Une œuvre magique, déroutante et visionnaire

C'est l'hiver. Respectant la tradition, les villageois, accompagnés par des figures de géants, montent en haut de la colline, traînant derrière eux des sapins, qu'ils entassent au sommet. Ils tentent d'allumer un feu, mais celui-ci ne prend pas. C'est signe que l'hiver continuera...

Même s'il est reparti bredouille du Festival de Venise 2012, le film belge "La Cinquième saison", signé Jessica Woodworth et Peter Brosens (auteurs du poussif mais esthétique "Altiplano", présenté à la Semaine de la critique de Cannes en 2009), a fait sensation lors de sa présentation en compétition, divisant spectateurs et critiques.

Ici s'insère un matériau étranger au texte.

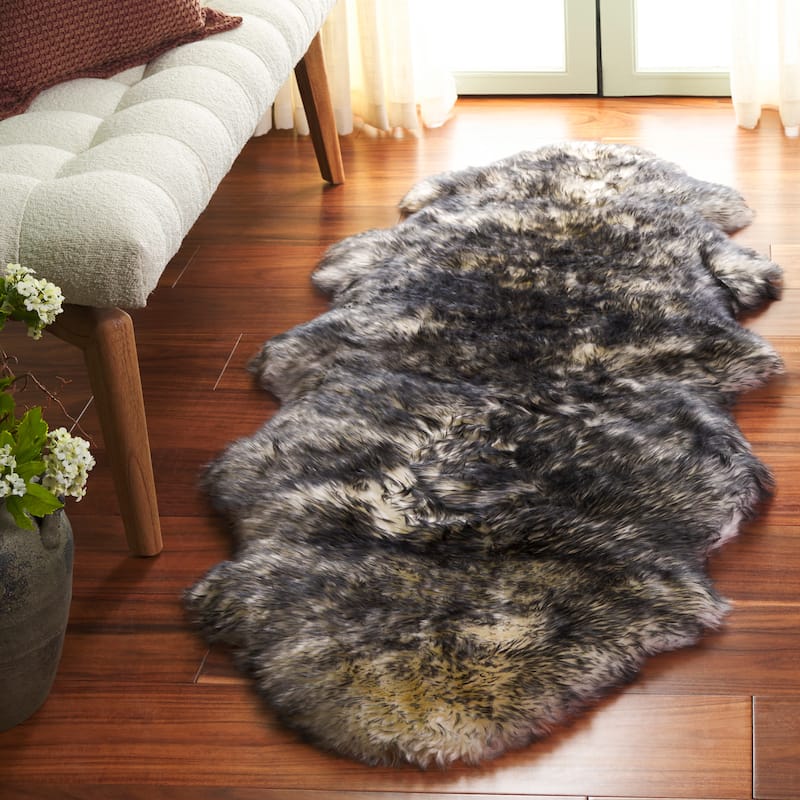 SAFAVIEH, Handmade Natural Kirstie Leanca 3.4-inch Thick Rug - 2' x 8'5" Runner - Ivory/Dark Charcoal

Après l'impact des mines de plomb, c'est de nouveau une thématique environnementale qui sert de point de départ à leur récit, révélant une véritable histoire, aux accents visionnaires évidents.

Car le postulat de départ du film est la disparition des dernières abeilles (les ruches sont vides), et donc de la végétation et des cultures, provoquant pour l'humanité, l'entrée dans un hiver éternel. C'est donc là cette « cinquième saison », celle où les vaches ne donnent plus de lait et où les graines ne germent pas. Et c'est avec singularité et poésie que les auteurs nous font découvrir ce nouveau monde, triste d'aspect, mais toujours chaleureux dans le fond, où l'homme cherche toute les solutions pour se procurer ce qui reste de nourriture. En résulte un scénario hallucinant, bourré de riches idées : quand l'épicier passe son temps à changer les dates de péremption, d'autres récupèrent les insectes sur le papier tue-mouche pour les cuisiner, certains allant même jusqu'à vendre leur corps contre un peu de sucre...

La question est donc celle de la survie de l'homme, dans un monde où les oiseaux morts s'amoncellent, et où même les arbres se mettent à tomber. Déroutant de prime abord de par son humour visuel et décalé (voir les scènes avec le coq, la comptine de l'escargot dans la culotte...), "La Cinquième saison" est un film d'une immense richesse, mêlant le désespoir de l'humanité à la persistance de certaines croyances, pour mieux jouer avec nos peurs (l'apocalypse, la persécution...). Un film au charme esthétique indéniable, aux cadrages savamment calculés, usant d'une symbolique fort à propos, et stigmatisant avec rigueur l'absence d'entraide (il fait dire à l'un des personnages : « c'est pas bien la charité »), l'exclusion, la peur de la différence et la notion même de fatalité. Une œuvre jouissive et visionnaire.